▶ **Your task**
Pictures are to be left out, and only the lines below starting at the one with "A family of" and ending at the one with "Close view of" are to be reproduced, each exactly, both ends included.

▶ **Supplied records**

◆ ◆ ◆ ◆ ◆ ◆ ◆

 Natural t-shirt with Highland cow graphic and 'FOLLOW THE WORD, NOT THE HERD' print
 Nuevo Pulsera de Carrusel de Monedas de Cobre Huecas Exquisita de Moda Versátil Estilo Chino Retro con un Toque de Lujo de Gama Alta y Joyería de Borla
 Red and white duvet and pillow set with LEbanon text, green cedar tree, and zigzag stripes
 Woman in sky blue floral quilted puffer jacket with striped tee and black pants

◆ ◆ ◆ ◆ ◆ ◆ ◆

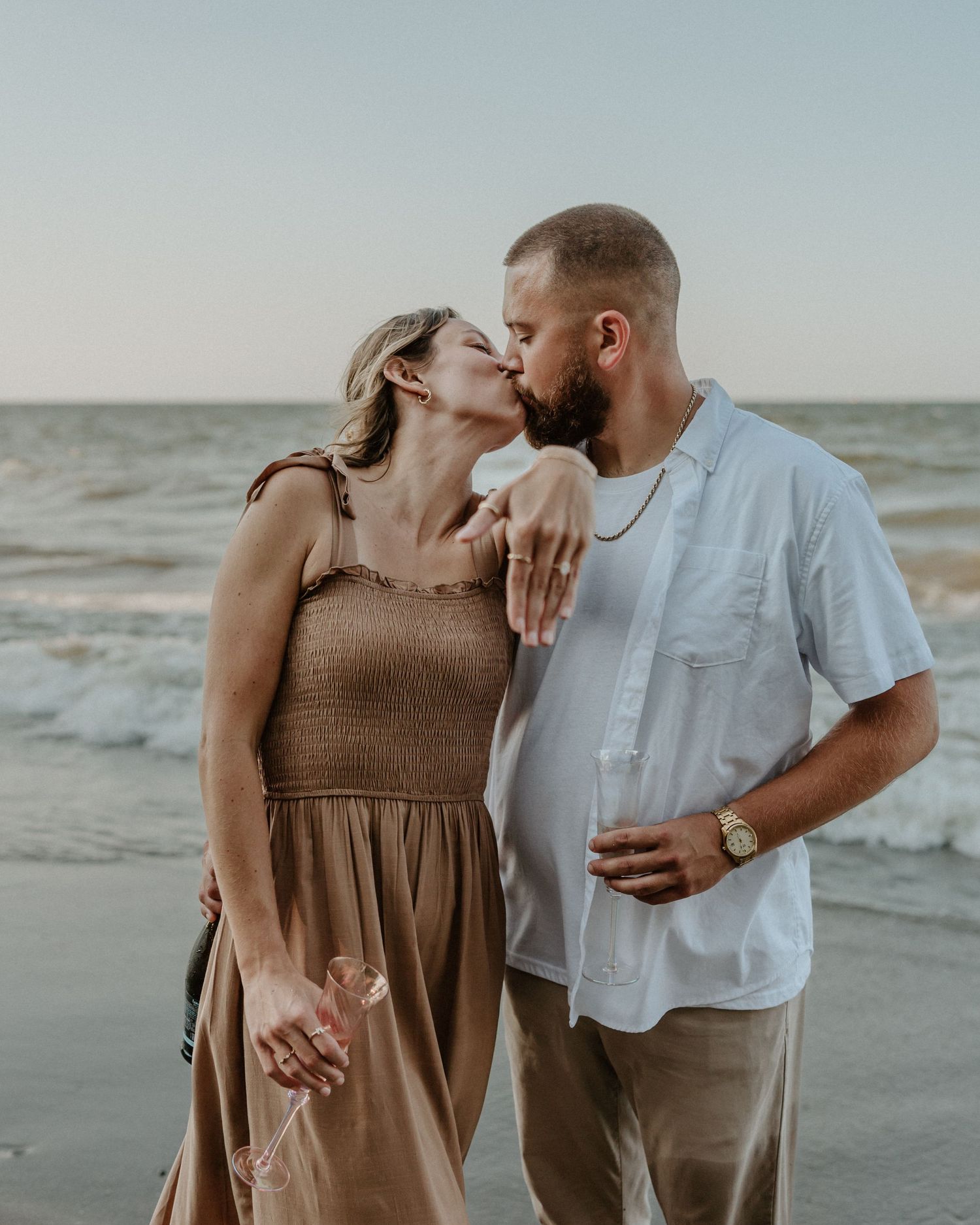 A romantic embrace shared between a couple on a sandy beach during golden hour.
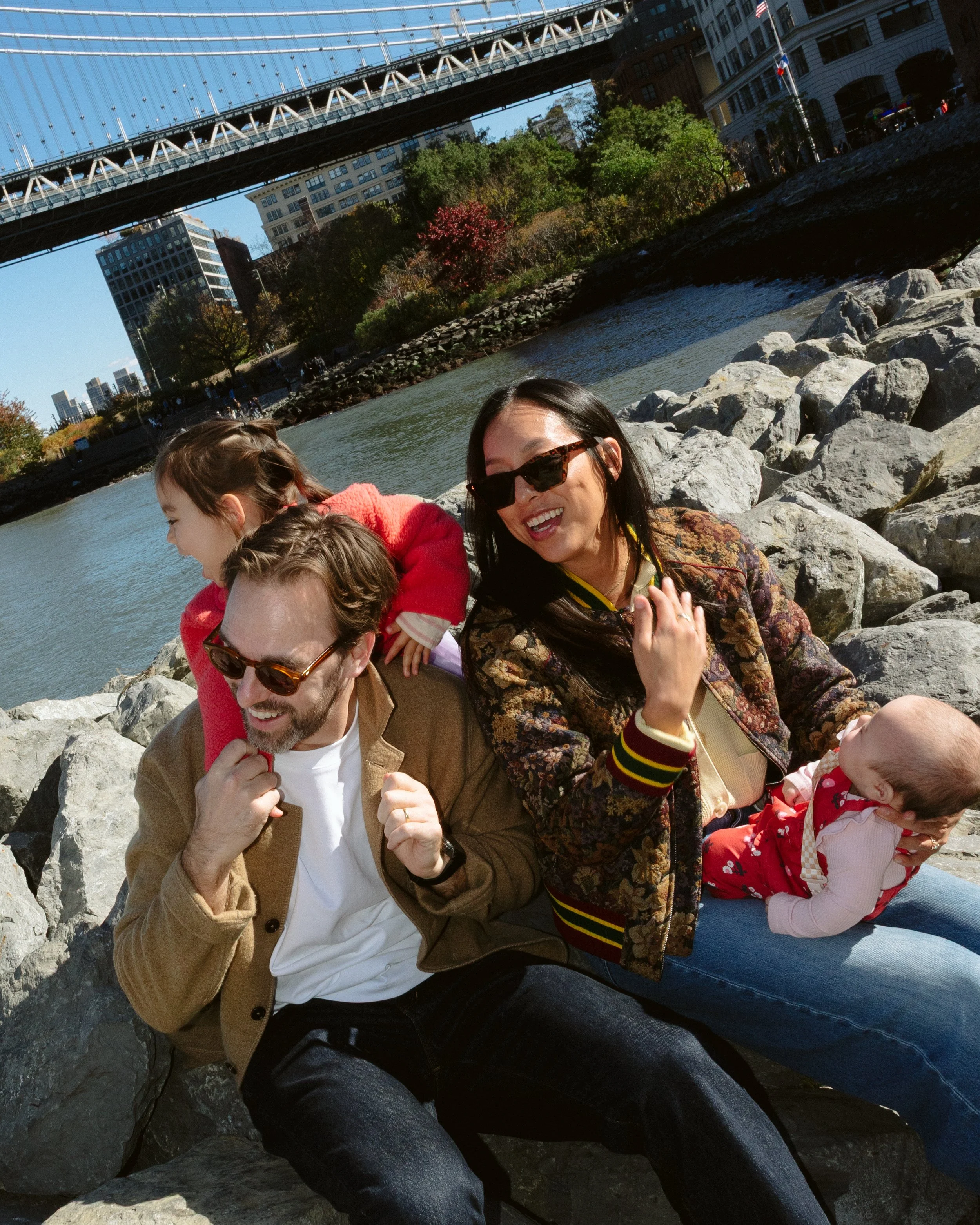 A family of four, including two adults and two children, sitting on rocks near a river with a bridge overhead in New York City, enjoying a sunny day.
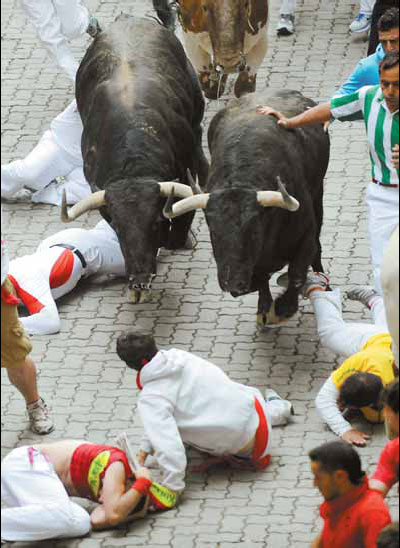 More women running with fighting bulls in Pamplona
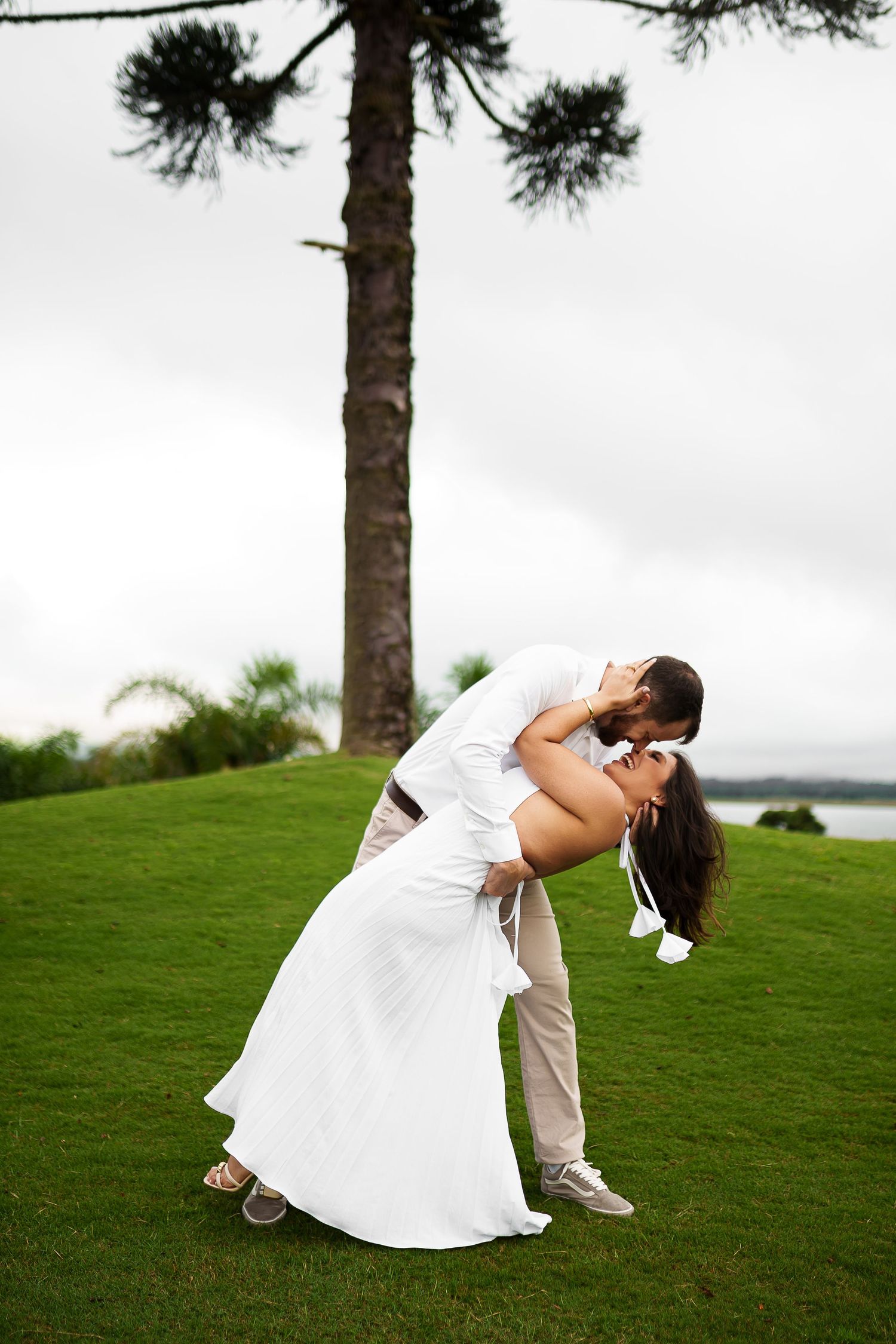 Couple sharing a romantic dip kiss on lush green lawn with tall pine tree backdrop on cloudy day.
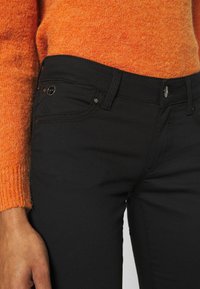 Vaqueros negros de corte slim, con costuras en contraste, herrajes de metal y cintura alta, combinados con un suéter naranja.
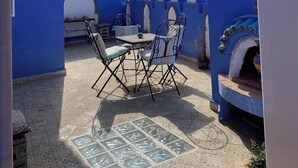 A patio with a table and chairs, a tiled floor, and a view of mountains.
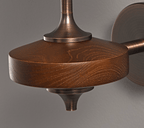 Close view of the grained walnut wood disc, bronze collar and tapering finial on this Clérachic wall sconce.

◆ ◆ ◆ ◆ ◆ ◆ ◆

▶ **Reply to the exercise**
 A family of four, including two adults and two children, sitting on rocks near a river with a bridge overhead in New York City, enjoying a sunny day.
 More women running with fighting bulls in Pamplona
 Couple sharing a romantic dip kiss on lush green lawn with tall pine tree backdrop on cloudy day.
 Vaqueros negros de corte slim, con costuras en contraste, herrajes de metal y cintura alta, combinados con un suéter naranja.
 A patio with a table and chairs, a tiled floor, and a view of mountains.
 Close view of the grained walnut wood disc, bronze collar and tapering finial on this Clérachic wall sconce.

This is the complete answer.